Caceis continues to dominate segments of the depository market in Europe, focusing particularly on Germany, and on real estate funds, having announced 17 mandate wins since the start of 2014, servicing at least €44 billion ($47.3 billion) for such clients. In 2013, it recorded a further seven wins, at least one worth €20 billion.

In the past quarter alone, the French custodian racked up five new clients, the largest announced being Frankfurt am Main-based IVG Institutional Funds, a real estate specialist. IVG has transferred a €6.3 billion portfolio to Caceis from former depository Sal Oppenheim after the latter announced in May 2014 the transfer of its depository function for real assets to Caceis, subject to the approval of clients.

KGAL Investment Management, which has been managing real assets since 1968, awarded Caceis in Germany a depository mandate for its eight closed-end funds. The real assets include real estate funds as well as alternative assets such as aviation and renewables, which amount to a total of €1 billion in assets.

Other client wins in the period under review include France’s Acer Finance for which Caceis will also be responsible for the execution and clearing of derivatives, Italian real estate management company IDeA Fimit for a vehicle invested in 113 buildings, and Germany’s IntReal for a fund investing in multistorey car parks in the Netherlands.

Caceis says it is the leading independent depository in France and Germany for real estate funds, is consolidating its position among key players in Italy’s real estate fund service sector, and holds a prominent position in Luxembourg’s and Switzerland’s markets.

Societe Generale Securities Services (SGSS) also saw continued success across Europe with four new clients announced, led by Inarcassa, a national social assistance fund for self-employed engineers and architects, to act as its depository bank.

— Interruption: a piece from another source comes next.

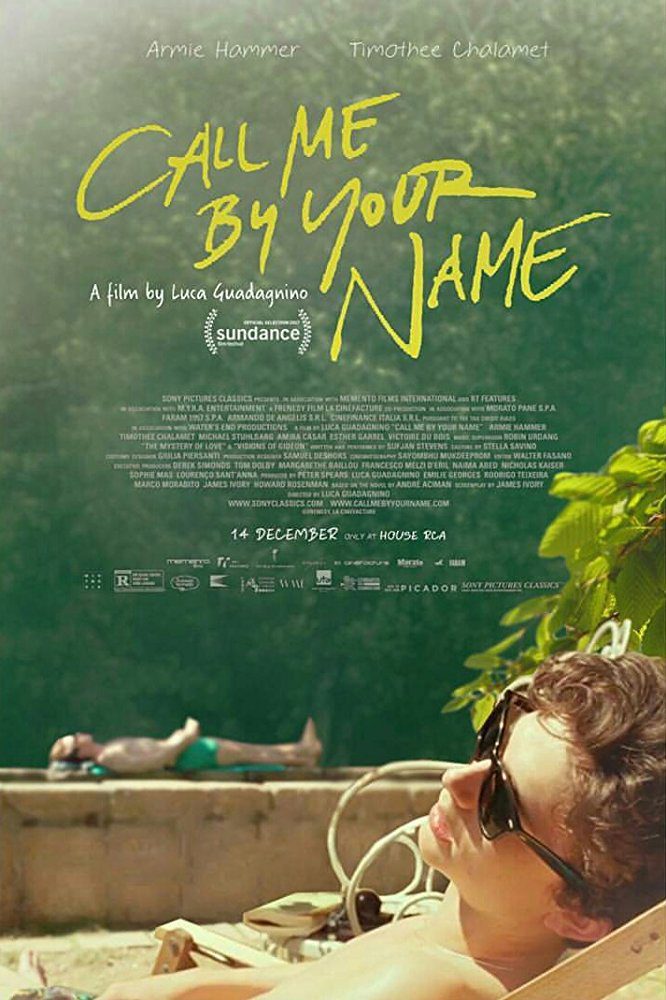Cartel de Call Me By Your Name - Póster 'Call Me By Your Name' #2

SGSS was also mandated by French state reinsurance company Caisse Centrale de Reassurance for its Solvency II offering. The Solvency II directive, which is due to come into effect on January 1, 2016, will see a significant increase in the frequency and level of data to be communicated to regulators. SGSS has developed a modular service offering for its institutional investor and asset manager clients, which includes look-through reporting for funds and structured products, market risk solvency capital requirement calculations, risk indicators for financial assets, and associated reporting.

SGSS’s mandate with IP Valmy in France is for its entire range of funds, managed by 10 asset management firms. Since 1995, IP Valmy has operated a supplementary pension fund through which employees build up pension entitlements paid out as an annuity following retirement, funded primarily by means of employer contribution and sitting alongside compulsory basic and supplementary state pension schemes.

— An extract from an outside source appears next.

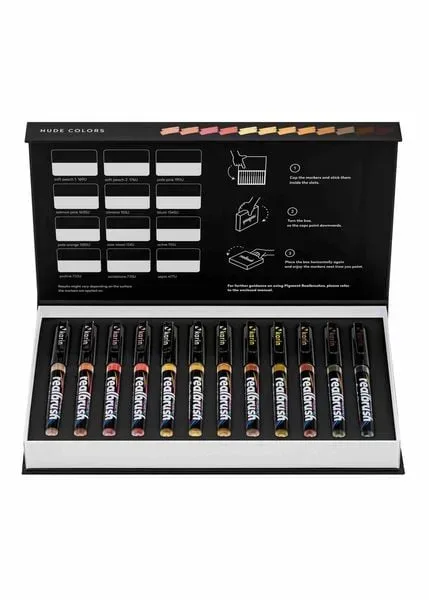 KARIN Real Brush Pen 0.4mm 33C4 Pigment, Nude Farben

Societe Generale’s appointment as custodian, clearing broker and certificate issuer to Progressive Capital Partners, a Switzerland-based alternative investment management group, relates to Progressive’s new Linden Core Fund 1x and Linden Core Fund 2x, which are both Irish-domiciled commodity trading advisers authorised as Ucits-compliant. Progressive has assets under management of $680 million.

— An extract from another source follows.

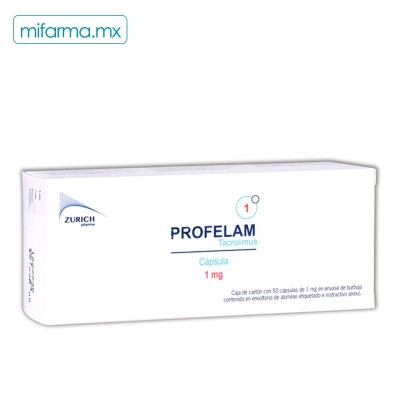 Profelam 1 mg - Mi Farma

A third France-headquartered custodian, BNP Paribas Securities Services, has been mandated to provide custody, settlement and liquidity services to four major Italian banks. The contracts come ahead of Italy’s move to the new Target2-Securities (T2S) pan-European trade settlement platform in June that will harmonise cross border settlement.

Alessandro Gioffreda, head of BNP Paribas Securities Services for Italy, says Italy will pioneer T2S, becoming the first major market to move all securities transactions to the platform.

BNP Paribas Securities Services will also provide a range of back-office services to Liquidnet, an institutional trading network that connects more than 770 asset managers to source investment opportunities in block size across 43 markets globally. As part of the mandate, BNP Paribas Securities Services will handle Liquidnet’s post-trade activity in Hong Kong and provide Liquidnet with US broker-dealer services. This complements the Asia-Pacific service by ensuring adequate compliance with the Securities and Exchange Commission rules when processing transactions related to Liquidnet’s US customers.

James O’Sullivan, head of client development, banks and broker dealers at BNP Paribas Securities Services Hong Kong, says: “We are seeing more and more organisations in Hong Kong and Singapore partnering with specialist post-trade service providers when expanding abroad and when adapting to international regulations such as derivatives clearing, trade reporting and new capital requirements.”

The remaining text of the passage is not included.